I'm currently working on a new project. It's a reproduction of a New Hampshire mirror clock. One of the reasons I've decided to work on this project (instead of finishing other ones) is to practice some of the restoration skills and techniques that I've learned over the past few years. One of the other reasons is that I'm in the mood to paint, and most of this clock will have painted surfaces. It's also winter, so I can't work on any large house projects, or do too much woodworking in the freezing cold shop.
This clock will be a fairly simple build (I've been working on it for a few days and the main case is nearly done), but the real challenge on this clock will be the treatment of surfaces to achieve a realistic antique look on what's basically a brand new clock. The look I'm aiming for is a period 1820s clock in good, but not perfect shape. This means that I want it to have a few blemishes, imperfections, and "character" but without going overboard. That said, I'm also making an effort to make the clock not so convincing that someone later on could pass it off as a fake. For this reason, I'm choosing to use one of my spare ogee clock movements in the clock. I'll go into more details about that later.

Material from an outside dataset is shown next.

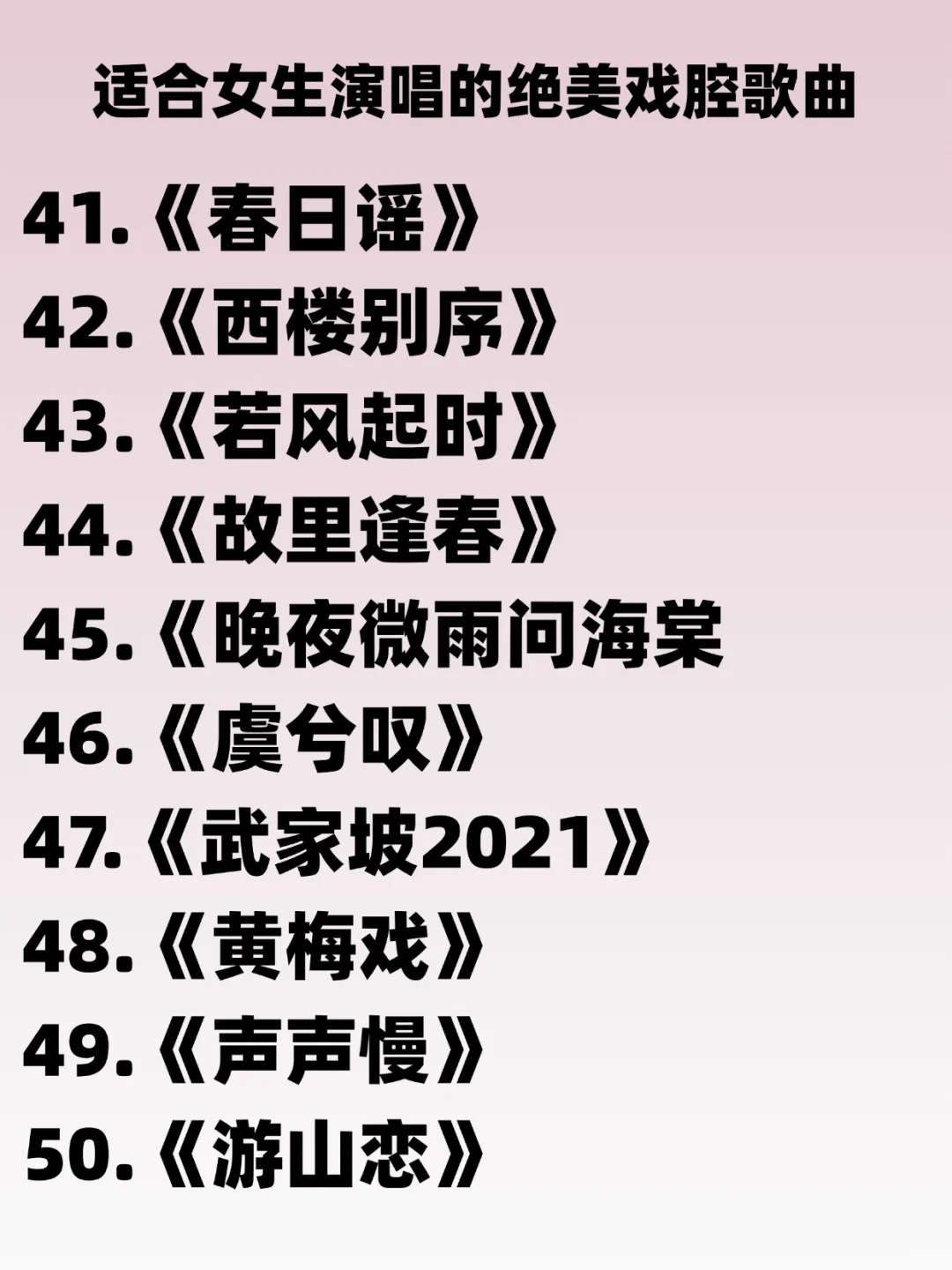 零基础女生必看🎤50首绝美古风戏腔歌单！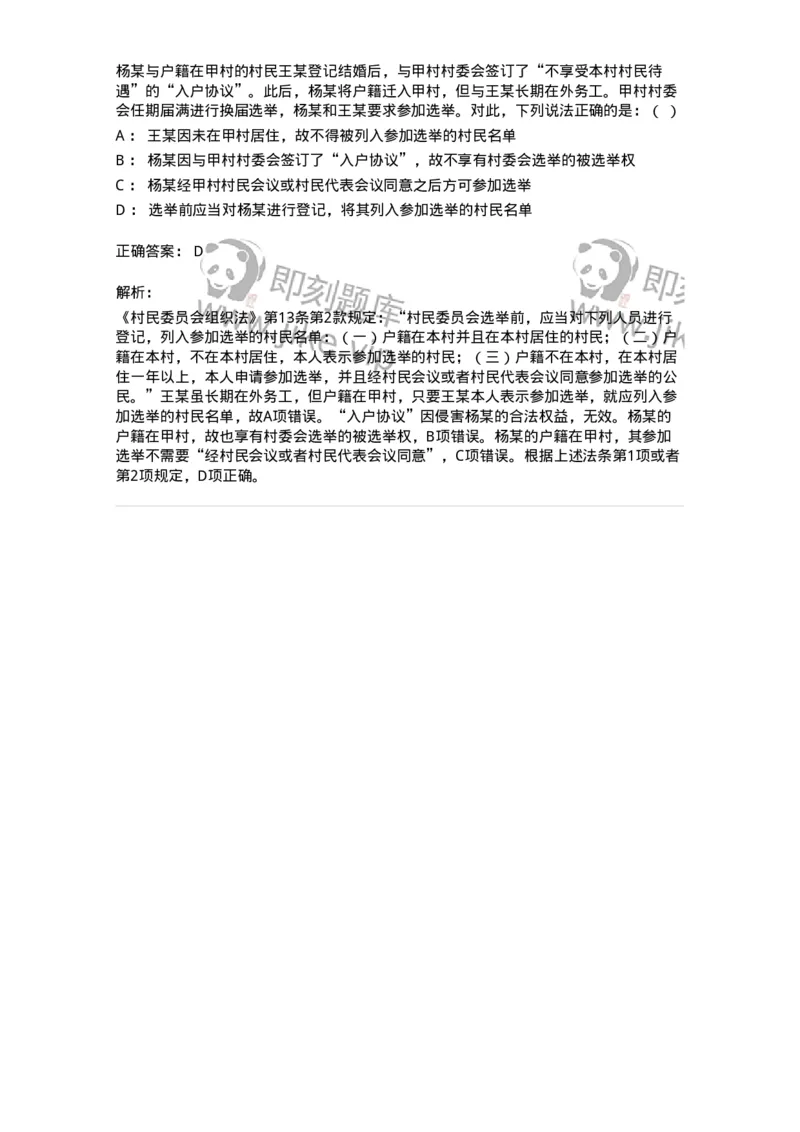 6020302-第二节选举制度-193780_军队文职(1)_01.军队文职真题-专业课_（全）版本一（历年真题+章节练习+模拟题）_法学(军队文职)_预测模拟_题目+解析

On this clock, I want to practice gilding on gesso (something I've never done before), antiquing new wood to match old wood (ie: getting that perfect shade of old reddish brown), making a convincing silvered mirror, and reverse painting in bronze powders.
I also want to print my own antique style label for the clock, paint a custom dial, and possibly even cast some custom lead weights.
There's still a lot to do on this clock, but I'll be doing my best to document the process as I go along. The next step will be the backboard, and the turnings.
Hopefully I'll have some photos to share soon.